Bars: Pumpkin Pecan Pie Bars
Source of Recipe
Internet
List of Ingredients
For the crust:
1 cup brown sugar, firmly packed
1/2 cup butter, softened
1-1/2 cups all-purpose flour
1 cup rolled oats
1 teaspoon baking powder
1/2 teaspoon salt
For the filling:
2 cups canned pumpkin
1 (14-ounce can) sweetened condensed milk
2 eggs
2 teaspoons pumpkin pie spice
1-1/2 teaspoons vanilla extract
1/2 teaspoon salt
1 cup chopped pecans
powdered sugar
Recipe
Make the crust:
Preheat oven to 350 F. In a large mixing bowl, beat together butter and sugar until light and fluffy. In another bowl, stir together flour, baking powder, and 1/2 teaspoon salt. Stir flour mixture into butter mixture until crumbly.
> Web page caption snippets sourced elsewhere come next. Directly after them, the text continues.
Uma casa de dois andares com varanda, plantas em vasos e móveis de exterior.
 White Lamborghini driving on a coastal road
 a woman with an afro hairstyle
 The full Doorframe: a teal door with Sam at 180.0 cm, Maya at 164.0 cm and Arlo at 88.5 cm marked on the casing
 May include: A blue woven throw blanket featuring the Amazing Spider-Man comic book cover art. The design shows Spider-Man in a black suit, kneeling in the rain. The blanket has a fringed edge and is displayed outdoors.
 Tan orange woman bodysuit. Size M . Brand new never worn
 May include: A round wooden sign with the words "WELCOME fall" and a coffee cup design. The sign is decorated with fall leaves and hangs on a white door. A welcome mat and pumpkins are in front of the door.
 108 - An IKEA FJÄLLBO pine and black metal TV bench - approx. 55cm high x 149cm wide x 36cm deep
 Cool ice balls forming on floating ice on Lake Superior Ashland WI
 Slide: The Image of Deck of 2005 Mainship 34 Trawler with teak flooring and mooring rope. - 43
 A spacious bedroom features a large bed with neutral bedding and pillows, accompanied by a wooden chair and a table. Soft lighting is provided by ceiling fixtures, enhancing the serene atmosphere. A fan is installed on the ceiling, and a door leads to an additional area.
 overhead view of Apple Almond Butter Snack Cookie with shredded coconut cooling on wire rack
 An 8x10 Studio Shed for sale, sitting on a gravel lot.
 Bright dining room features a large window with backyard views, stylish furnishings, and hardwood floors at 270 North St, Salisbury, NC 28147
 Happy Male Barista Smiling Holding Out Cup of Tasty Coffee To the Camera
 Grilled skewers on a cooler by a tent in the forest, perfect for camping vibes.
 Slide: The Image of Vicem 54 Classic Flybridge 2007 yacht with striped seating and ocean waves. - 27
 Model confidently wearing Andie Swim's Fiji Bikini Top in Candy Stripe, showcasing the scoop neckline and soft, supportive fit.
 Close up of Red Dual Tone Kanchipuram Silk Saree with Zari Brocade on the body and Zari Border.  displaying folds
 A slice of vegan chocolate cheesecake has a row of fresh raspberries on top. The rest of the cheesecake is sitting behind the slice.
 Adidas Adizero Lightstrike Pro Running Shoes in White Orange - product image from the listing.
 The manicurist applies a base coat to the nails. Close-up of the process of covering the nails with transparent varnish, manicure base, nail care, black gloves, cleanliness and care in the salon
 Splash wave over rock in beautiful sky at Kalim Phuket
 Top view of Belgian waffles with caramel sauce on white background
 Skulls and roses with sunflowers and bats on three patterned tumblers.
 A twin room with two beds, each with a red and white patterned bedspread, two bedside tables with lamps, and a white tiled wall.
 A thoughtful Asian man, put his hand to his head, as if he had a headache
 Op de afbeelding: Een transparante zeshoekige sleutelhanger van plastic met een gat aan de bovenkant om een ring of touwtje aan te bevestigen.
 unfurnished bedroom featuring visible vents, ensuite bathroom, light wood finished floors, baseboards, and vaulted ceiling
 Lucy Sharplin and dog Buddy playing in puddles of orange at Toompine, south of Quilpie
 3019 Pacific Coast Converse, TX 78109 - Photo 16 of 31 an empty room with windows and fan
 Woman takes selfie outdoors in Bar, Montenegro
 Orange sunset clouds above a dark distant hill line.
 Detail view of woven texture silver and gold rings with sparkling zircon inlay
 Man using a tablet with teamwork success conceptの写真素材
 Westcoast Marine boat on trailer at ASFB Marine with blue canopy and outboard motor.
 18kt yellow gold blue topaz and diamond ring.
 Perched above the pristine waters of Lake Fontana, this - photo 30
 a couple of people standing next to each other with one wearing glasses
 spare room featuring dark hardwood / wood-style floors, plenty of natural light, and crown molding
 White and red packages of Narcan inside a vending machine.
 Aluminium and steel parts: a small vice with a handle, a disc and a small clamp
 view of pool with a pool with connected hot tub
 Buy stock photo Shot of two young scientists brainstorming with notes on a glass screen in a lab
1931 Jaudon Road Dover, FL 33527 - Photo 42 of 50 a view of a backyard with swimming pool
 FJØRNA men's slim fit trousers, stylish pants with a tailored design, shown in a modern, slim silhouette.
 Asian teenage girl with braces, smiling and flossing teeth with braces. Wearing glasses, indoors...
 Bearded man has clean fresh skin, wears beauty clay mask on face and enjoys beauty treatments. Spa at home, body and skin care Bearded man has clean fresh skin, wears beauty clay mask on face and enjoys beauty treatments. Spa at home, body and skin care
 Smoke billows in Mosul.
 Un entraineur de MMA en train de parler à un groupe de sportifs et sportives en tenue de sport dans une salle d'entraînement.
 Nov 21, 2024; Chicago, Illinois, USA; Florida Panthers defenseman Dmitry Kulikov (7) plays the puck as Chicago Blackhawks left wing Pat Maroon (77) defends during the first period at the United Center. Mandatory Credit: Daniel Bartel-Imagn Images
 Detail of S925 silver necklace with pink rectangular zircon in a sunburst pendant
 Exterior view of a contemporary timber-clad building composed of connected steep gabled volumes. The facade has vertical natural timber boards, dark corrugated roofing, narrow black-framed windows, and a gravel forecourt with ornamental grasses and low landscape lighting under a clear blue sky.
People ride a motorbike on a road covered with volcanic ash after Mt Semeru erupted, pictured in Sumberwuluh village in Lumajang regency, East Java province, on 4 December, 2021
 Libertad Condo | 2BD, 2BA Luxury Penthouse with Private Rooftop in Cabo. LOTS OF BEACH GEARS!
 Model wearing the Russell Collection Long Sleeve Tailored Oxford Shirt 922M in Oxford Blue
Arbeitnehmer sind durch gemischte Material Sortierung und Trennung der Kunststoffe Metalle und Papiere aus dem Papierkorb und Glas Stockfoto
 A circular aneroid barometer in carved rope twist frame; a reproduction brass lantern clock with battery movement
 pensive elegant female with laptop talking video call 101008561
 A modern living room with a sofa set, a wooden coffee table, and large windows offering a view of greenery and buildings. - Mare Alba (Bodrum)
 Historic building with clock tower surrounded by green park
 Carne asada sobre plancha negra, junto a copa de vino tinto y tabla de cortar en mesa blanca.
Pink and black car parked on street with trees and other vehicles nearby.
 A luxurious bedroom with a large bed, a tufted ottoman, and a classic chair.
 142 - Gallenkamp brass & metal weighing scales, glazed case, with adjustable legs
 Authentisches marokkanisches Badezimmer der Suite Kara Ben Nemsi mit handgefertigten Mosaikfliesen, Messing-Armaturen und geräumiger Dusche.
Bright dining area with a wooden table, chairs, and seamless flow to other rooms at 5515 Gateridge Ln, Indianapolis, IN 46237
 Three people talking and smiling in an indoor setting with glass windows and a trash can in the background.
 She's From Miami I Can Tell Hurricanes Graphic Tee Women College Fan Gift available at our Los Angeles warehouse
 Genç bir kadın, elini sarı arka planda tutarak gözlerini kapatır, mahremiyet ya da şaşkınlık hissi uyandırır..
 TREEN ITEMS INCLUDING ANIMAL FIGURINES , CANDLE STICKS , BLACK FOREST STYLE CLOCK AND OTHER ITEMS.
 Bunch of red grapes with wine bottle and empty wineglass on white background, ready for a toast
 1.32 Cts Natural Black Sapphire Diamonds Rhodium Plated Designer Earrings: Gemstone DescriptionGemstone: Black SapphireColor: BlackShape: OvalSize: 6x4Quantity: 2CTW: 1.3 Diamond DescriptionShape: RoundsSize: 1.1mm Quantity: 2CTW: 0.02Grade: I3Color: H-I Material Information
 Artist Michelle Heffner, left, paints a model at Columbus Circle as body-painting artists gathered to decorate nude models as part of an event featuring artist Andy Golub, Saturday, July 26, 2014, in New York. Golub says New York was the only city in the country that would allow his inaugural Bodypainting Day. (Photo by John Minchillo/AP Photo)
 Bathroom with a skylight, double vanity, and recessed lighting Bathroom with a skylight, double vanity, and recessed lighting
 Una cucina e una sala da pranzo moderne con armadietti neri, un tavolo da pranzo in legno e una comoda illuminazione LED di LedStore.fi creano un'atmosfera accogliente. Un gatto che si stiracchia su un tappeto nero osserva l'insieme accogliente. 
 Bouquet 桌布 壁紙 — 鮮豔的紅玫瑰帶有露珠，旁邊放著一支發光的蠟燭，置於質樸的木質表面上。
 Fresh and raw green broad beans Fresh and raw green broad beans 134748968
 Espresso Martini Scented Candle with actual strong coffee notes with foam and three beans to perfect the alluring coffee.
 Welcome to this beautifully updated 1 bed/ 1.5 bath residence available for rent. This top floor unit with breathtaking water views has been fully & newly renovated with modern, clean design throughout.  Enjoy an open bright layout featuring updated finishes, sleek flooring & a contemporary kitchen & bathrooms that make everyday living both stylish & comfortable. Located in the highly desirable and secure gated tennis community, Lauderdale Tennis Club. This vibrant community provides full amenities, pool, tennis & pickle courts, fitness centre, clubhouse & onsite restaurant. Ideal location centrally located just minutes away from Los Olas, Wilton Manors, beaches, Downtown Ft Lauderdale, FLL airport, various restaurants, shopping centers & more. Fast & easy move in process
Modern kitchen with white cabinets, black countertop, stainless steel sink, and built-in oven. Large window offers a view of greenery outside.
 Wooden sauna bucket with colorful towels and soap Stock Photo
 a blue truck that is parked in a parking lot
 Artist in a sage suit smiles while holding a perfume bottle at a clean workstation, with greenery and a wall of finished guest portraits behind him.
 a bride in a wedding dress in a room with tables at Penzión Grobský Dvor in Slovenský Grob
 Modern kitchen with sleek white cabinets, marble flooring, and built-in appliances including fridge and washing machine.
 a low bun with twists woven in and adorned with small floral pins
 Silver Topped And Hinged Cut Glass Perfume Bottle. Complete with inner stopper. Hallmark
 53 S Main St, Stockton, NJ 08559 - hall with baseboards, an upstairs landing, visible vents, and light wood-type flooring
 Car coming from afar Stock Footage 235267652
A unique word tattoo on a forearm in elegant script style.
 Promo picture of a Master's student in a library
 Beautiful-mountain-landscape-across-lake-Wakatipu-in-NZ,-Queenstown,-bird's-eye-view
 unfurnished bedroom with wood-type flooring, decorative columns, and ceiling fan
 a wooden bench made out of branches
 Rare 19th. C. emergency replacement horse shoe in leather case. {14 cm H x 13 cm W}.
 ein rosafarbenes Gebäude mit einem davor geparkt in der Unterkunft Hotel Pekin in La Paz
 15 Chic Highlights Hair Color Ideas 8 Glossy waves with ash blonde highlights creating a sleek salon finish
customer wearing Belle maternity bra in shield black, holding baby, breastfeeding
Reserve 1/2 cup crumb mixture; set aside. Press remaining crumb mixture into the bottom of an ungreased 10 x 15-inch baking pan. Bake 20 minutes.
Make the filling:
In a mixing bowl, combine pumpkin, condensed milk, eggs, pumpkin pie spice, vanilla and the remaining 1/2 teaspoon salt. Spread this mixture over the crust. In a small bowl, combine the reserved crumb mixture with the chopped pecans and sprinkle on top of the filling.
Bake 30 to 35 minutes or until set. Cool in pan on wire rack. Sprinkle with powdered sugar. Cut into bars. Store in an airtight container in the refrigerator for up to 1 week. Makes 36-48 bars.